GS: A lot of people feel that’s Sony’s way of taking on all comers – who do you feel is your main competitor right now?
DK: I would say that if you asked any gamer, our main competitor is the Xbox 360, just because the target demographic that we’re going after is similar. That being said, I think in regards to Nintendo and the Wii, it’s easier for us to go after the hardcore gamer first, as that’s kind of always been our target, and if we want to expand from there to the more casual gamer, it’s probably easier for us to do than start with the casual gamer, and try to go up to the hardcore gamer. It’s an easier message for me to deliver.
GS: Are you worried at all about Nintendo taking any marketshare from the PS3, or do you really feel like people will buy one HD console and the Wii?
DK: Yeah, for us it’s apples and oranges when you compare the PS3 with Wii. They’ve done a great job of saying exactly who they’re going after, the casual gamer, the hardcore gamer, and we’ve said exactly who we’re going after. And you can’t, when you put the systems side by side technologically, and even price-wise, they just don’t compare to each other.
GS: What about the handheld market, how important do you think that’s going to be, going forward?

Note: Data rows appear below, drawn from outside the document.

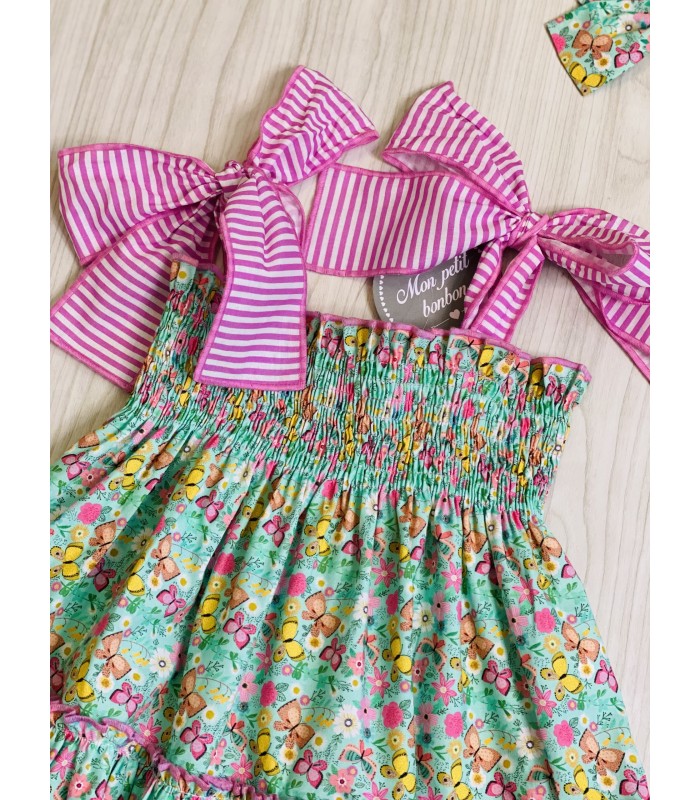 VESTIDO ELÁSTICO LIBERTY/MARIPOSAS MON PETIT BONBON VM018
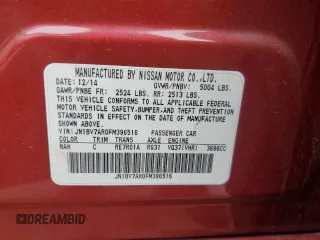 2015 Infiniti Q50 with VIN JN1BV7AR0FM396516, listed as a Copart auction lot 57677055 with 128,369 mi miles and Salvage title. Bid and sale history available at DreamBid. Image 12.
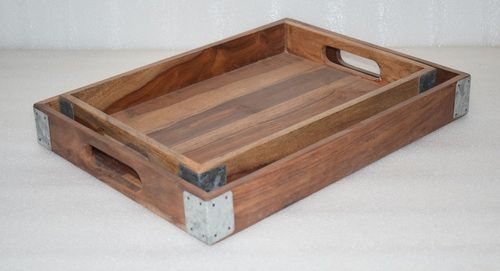 Wooden Tray With Metal Strip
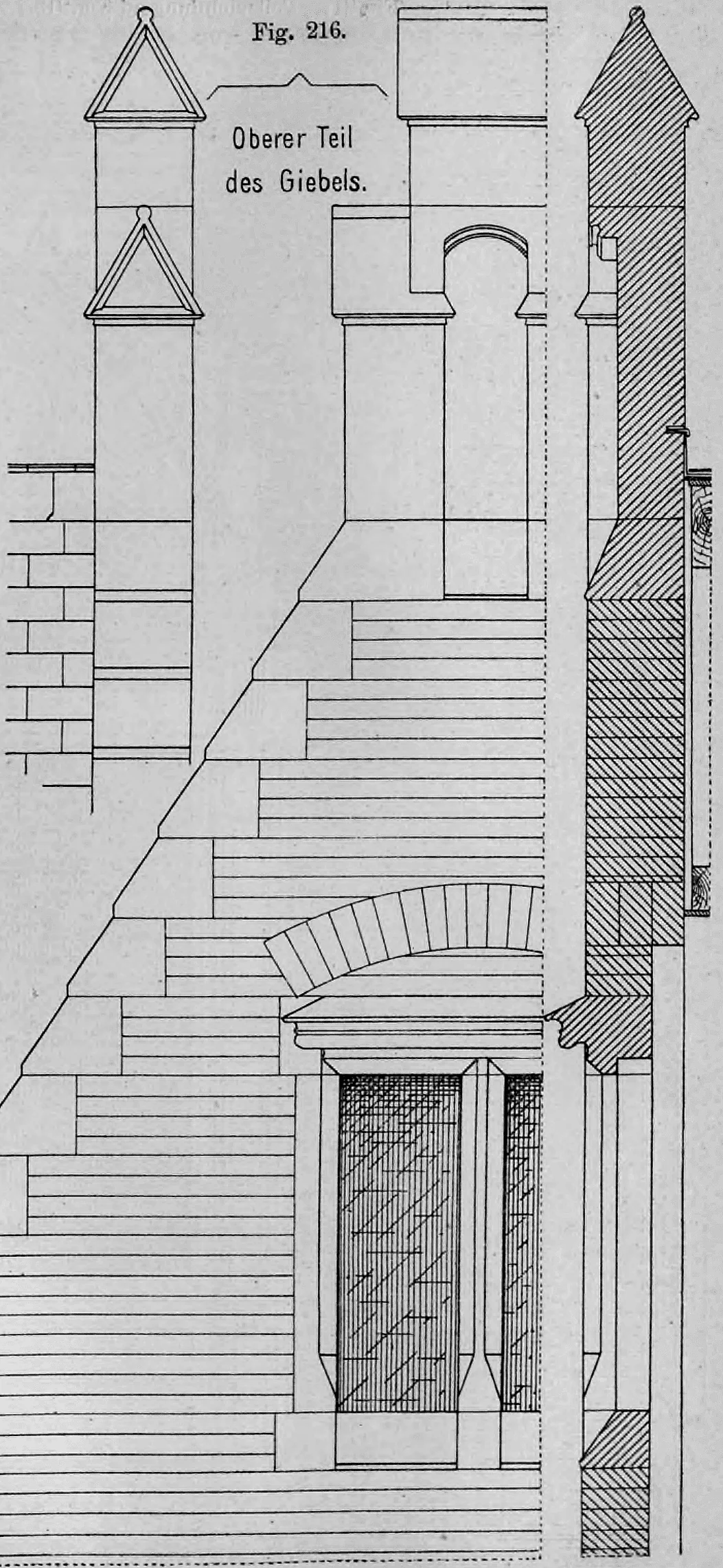 Fig. 216: Detaillierte Werkzeichnung des oberen Giebelabschnitts.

DK: I think handheld is incredibly important for us, particularly as we start developing more and more downloadable content. And I’m not just talking about games, I’m talking about entertainment content as well. Already the TiVo-to-go option for the PSP is turning into a huge hit for us, as people discover that they can take the shows they’ve already stored on their TiVo and put it on their PSP and while they’re riding the bus to work or to school, they can watch television shows on the PSP, I mean that’s huge. You can’t do that on anything else.

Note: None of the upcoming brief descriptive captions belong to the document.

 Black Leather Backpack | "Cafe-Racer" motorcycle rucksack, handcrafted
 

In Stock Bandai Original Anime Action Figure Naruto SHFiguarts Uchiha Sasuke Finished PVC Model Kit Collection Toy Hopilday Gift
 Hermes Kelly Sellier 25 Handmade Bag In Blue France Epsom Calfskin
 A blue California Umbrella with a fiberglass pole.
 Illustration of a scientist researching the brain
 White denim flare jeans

So again, I think when you compare the two products, the Nintendo product versus our product, it’s kind of apples and oranges. We’re providing more of an entertainment system, and they’re focused more on gaming.
GS: Have you found it difficult to balance the games that are released on PSP in the West and in Japan? It’s definitely doing better here, because it’s more hardcore and graphic-oriented.
DK: Yeah, you have to realize what games work best on the PSP, like action games work really well, sports games work really well…those aren’t the most popular games in Japan – it’s RPGs. And RPGs don’t necessarily lend themselves to the PSP, although I think we’ve got some really great ones. And it’s just a matter of getting the consumer in Japan accustomed to the idea of playing an expansive RPG on a handheld device.
GS: And how do the emulated downloads work for PSP? Have you announced pricing?
DK: Basically you just download them to the PS3, and bounce it to your PSP, and those will all be under $5. And then there will be downloadable content from hotspots.
GS: This is a bit of a stretch, but I know there’s a very good Saturn emulator for the PSP [the GiriGiri emulator has been officially licensed for PSP, and was used for Atlus' portable version of Princess Crown]…
DK: Ah, Saturn – that takes me back!
GS: As an ex-Saturn person, do you think there’s any chance of that downloadable content there?
DK: Oh, absolutely! Don’t say that I said you’re going to be able to download Saturn games though. The cool thing about Sony and about the platforms we’re working on is that it does open itself up to allow a lot of downloadable content from other catalogues, and you heard Ken talk about how we could do something like the entire Turbo Grafx 16 catalogue, pulling that over. So that’s what’s possible, but we haven’t announced anything.
GS: I’m an old Saturn fan, so…
DK: Panzer Dragoon, man, that was the game.